Question

A wheel rotates without friction about a stationary horizontal axis at the center of the wheel. A constant tangential force equal to 80.0 N is applied to the rim of the wheel. The wheel has radius 0.120 m. Starting from rest, the wheel has an angular speed of 12.0 rev/s after 2.00 s. What is the moment of inertia of the wheel?

Short answer

The moment of inertia of the wheel is approximately 0.254 kg m².

Step-by-step solution

Identify Given Information

We know that a tangential force of $F=80.0\text{ N}$ is applied to a wheel with radius $r=0.120\text{ m}$. The final angular speed is $\omega =12.0\text{ rev/s}$, which needs to be converted to radians per second. Since 1 revolution is $2\pi$ radians, $\omega =12.0\times 2\pi =24\pi \text{ rad/s}$. The wheel accelerates from rest, so initial angular speed ${\omega }_0=0\text{ rad/s}$, in a time $t=2.00\text{ s}$.

Calculate Angular Acceleration

The angular acceleration $\alpha$ can be calculated using the formula $\alpha =\frac{\omega -{\omega }_0}{t}$. Substituting the known values, $\alpha =\frac{24\pi -0}{2}=12\pi {\text{ rad/s}}^2$.

Relate Force to Torque

Torque ($\tau$) is related to force by the equation $\tau =rF$. Substituting the known values: $\tau =0.120\times 80.0=9.6\text{ Nm}$.

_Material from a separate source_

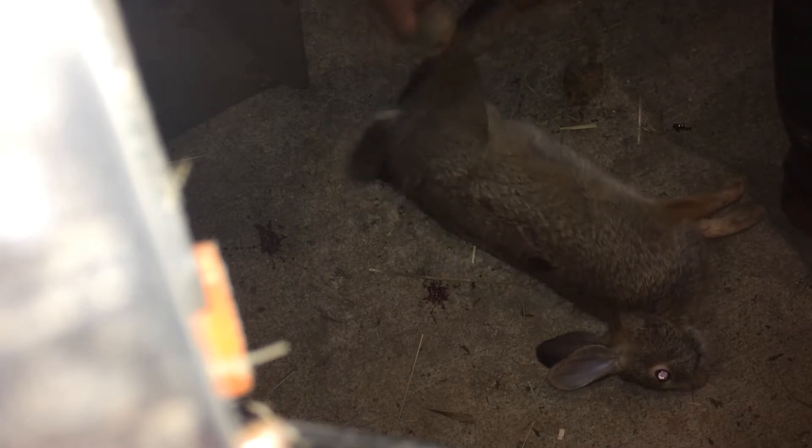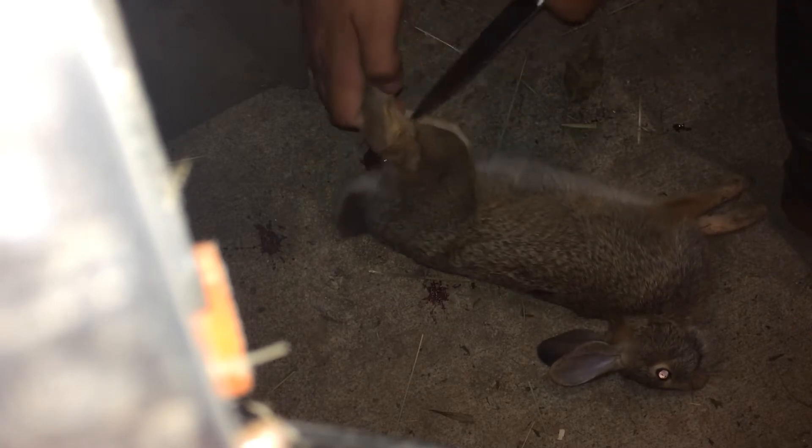First things first: legs. Cut right by the tendon. Once it's good, do a little snap — it should come right off. If it gets a little caught up with the tendon, just cut it. It goes in your bucket.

Relate Torque to Angular Acceleration

Torque is also related to angular acceleration and the moment of inertia $I$ by the equation $\tau =I\alpha$. Therefore, the moment of inertia $I$ can be calculated as $I=\frac{\tau }{\alpha }$.

Calculate the Moment of Inertia

Substitute the known values of torque and angular acceleration into the equation $I=\frac{\tau }{\alpha }$: $I=\frac{9.6}{12\pi }$. This simplifies to $I\approx 0.254{\text{ kg m}}^2$.

Key concepts

Angular Acceleration

Angular acceleration measures how quickly an object is speeding up or slowing down its rotation, similar to how linear acceleration describes changes in velocity for a moving object. In our example, the wheel starts from rest and reaches a particular angular speed in a given time.
To calculate angular acceleration, use the formula:

• $\alpha =\frac{\omega -{\omega }_0}{t}$

Here:

• $\omega$ = final angular speed
• ${\omega }_0$ = initial angular speed
• $t$ = time duration

In our problem, ${\omega }_0=0$ rad/s, $\omega =24\pi$ rad/s, and $t=2$ s. So, the angular acceleration is $12\pi$ rad/s².
Understanding angular acceleration helps determine how forces impact rotational motion, which is crucial for solving dynamic problems.

Torque

Torque is a measure of the rotational force applied to an object. It's the product of force and the radius at which this force is applied. Torque is what causes objects to rotate.
The formula for torque is:

• $\tau =rF$

Where:

• $\tau$ = torque
• $r$ = radius
• $F$ = force applied

In the given exercise, a tangential force of 80 N is applied at the wheel’s rim of radius 0.120 m.
The torque is calculated as $9.6$ Nm.
Torque plays a pivotal role in determining the moment of inertia, linking directly to how much an object resists angular acceleration when a torque is applied.

Angular Speed

Angular speed refers to how quickly an object is rotating, described by how many radians it moves through per second. Unlike linear speed, which deals with straight-line paths, angular speed is about rotation around a point or axis.
To convert revolutions per second to radians per second, use the conversion:

• 1 revolution = $2\pi$ radians

So, if the wheel rotates at 12 revolutions per second:

• Angular speed $\omega =12\times 2\pi =24\pi$ rad/s

Angular speed is vital to determining many other properties of rotating objects, including kinetic energy and moment of inertia. It’s also foundational in understanding rotational motion dynamics.

Physics Problem Solving

Approaching physics problems systematically helps simplify even the toughest challenges. This includes recognizing what the problem is asking for, identifying given data, and applying the correct physics principles and formulas.
Here are some steps to tackle physics problems:

• Identify and list all given values and required findings from the problem statement.
• Translate any units to ensure consistency (like converting revolutions per second to radians per second).
• Use the relevant physics equations to connect the known variables and solve for the unknowns.
• Keep track of units throughout the calculations to maintain accuracy.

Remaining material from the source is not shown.